The C-3105 won't do much good postioning a modern seal as modern seals are made differently than the original MoPar seals.
Reason being seal lip position, seal thickness etc.
The original rear trans seal is roughly 3/4" thick and has both leather and felt sealing materials used...
The new modern seals have two thin rubber sealing lips and are generally 1/2" thick.
The original C-3105 tool will work on the new seals but cannot drive them flush if needed.
What is most important is to locate the seal lip on a perfect groove and pit free area of the machined companion flange hub.

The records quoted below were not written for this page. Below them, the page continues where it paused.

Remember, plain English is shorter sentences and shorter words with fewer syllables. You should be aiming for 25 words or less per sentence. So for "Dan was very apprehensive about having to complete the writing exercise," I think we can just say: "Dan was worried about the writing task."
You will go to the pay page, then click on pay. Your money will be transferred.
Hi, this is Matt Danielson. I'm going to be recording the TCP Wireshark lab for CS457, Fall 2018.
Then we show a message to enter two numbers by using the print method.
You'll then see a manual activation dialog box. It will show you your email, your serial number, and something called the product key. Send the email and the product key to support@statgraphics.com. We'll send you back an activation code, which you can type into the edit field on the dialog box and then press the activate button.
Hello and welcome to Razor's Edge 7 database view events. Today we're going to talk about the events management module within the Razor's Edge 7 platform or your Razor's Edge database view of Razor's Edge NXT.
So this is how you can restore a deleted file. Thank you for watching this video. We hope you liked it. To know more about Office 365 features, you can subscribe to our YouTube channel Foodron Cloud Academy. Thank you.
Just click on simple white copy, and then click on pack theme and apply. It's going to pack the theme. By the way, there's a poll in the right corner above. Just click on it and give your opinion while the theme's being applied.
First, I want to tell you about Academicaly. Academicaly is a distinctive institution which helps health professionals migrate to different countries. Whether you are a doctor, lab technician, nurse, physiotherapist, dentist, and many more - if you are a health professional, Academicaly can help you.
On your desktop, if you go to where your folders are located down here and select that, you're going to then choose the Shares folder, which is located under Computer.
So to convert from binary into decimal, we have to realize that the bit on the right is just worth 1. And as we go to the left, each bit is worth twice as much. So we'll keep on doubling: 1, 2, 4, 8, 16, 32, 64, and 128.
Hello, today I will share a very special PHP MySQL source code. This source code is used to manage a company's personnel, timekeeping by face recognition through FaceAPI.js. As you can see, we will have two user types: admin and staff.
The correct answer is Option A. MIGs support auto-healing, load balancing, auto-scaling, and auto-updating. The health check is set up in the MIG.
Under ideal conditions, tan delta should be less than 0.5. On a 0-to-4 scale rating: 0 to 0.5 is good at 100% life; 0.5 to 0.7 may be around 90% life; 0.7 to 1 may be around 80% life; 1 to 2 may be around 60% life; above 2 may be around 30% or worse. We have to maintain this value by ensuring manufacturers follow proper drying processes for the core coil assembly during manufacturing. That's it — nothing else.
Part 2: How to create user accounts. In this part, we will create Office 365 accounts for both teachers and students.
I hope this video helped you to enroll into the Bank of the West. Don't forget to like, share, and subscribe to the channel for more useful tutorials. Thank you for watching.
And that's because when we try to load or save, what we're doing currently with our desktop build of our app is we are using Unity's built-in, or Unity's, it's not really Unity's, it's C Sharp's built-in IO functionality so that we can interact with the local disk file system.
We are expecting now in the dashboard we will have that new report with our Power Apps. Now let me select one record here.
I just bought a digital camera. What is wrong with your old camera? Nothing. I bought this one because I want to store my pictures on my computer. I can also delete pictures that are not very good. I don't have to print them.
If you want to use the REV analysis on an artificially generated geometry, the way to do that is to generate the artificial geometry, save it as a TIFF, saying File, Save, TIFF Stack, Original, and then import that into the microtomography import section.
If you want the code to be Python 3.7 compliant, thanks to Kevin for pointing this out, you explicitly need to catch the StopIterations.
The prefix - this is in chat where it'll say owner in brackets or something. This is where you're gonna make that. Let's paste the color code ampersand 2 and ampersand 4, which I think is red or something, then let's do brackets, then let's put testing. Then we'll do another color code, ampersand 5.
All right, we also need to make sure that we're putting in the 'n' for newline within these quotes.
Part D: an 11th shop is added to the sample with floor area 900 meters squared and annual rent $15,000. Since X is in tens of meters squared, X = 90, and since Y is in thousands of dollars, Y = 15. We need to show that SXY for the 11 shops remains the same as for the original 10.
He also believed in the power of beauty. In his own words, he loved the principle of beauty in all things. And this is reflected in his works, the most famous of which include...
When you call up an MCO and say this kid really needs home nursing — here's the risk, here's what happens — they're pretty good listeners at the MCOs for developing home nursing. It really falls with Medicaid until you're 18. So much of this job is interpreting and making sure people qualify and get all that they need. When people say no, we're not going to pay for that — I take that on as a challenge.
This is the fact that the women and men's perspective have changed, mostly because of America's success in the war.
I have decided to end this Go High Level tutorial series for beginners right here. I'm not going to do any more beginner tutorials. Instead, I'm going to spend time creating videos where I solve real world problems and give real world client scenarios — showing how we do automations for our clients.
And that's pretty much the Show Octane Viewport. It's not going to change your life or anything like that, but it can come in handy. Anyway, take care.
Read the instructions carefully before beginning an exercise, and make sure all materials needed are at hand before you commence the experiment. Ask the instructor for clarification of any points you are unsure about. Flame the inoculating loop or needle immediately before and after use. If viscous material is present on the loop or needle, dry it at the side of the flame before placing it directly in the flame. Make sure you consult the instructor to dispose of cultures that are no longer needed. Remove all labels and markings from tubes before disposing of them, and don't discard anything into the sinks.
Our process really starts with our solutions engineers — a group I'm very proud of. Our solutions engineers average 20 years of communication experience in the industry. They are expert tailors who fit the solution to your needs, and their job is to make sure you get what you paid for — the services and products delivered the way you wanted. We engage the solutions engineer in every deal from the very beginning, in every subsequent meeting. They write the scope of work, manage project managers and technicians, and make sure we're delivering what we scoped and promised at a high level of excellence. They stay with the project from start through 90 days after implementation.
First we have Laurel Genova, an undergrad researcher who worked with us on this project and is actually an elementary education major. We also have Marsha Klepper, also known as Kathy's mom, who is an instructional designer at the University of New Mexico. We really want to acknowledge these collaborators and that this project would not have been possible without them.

Use a speedi-sleeve if necessary.
The other issue is to drive it in not too far but enough so the face of the seal is away from the companion flange.
If not when tightening the companion flange onto the output shaft the seal will get caved in with out you knowing it.
This happens all the time on the inner seals on rear axles in our old MoPars.
The last issue with these modern replacement thin tin seals is to use a round flat edge driver that only pushes on the outside edge of the seal. Steel pipe, bearing race, proper size cup driver etc.
Using a hammer and or hammer and a drift will distort these new thin to win seals which can slightly cave the seal face and seal lip inward causing leakage.
Easy on the hammer blows...
Use some grease on the seal lip, #2 Permatex on the companion flange splines and OD of the seal....
Or your choice of sealant.
Check to be sure the lip spring is still in place.
Get'er done!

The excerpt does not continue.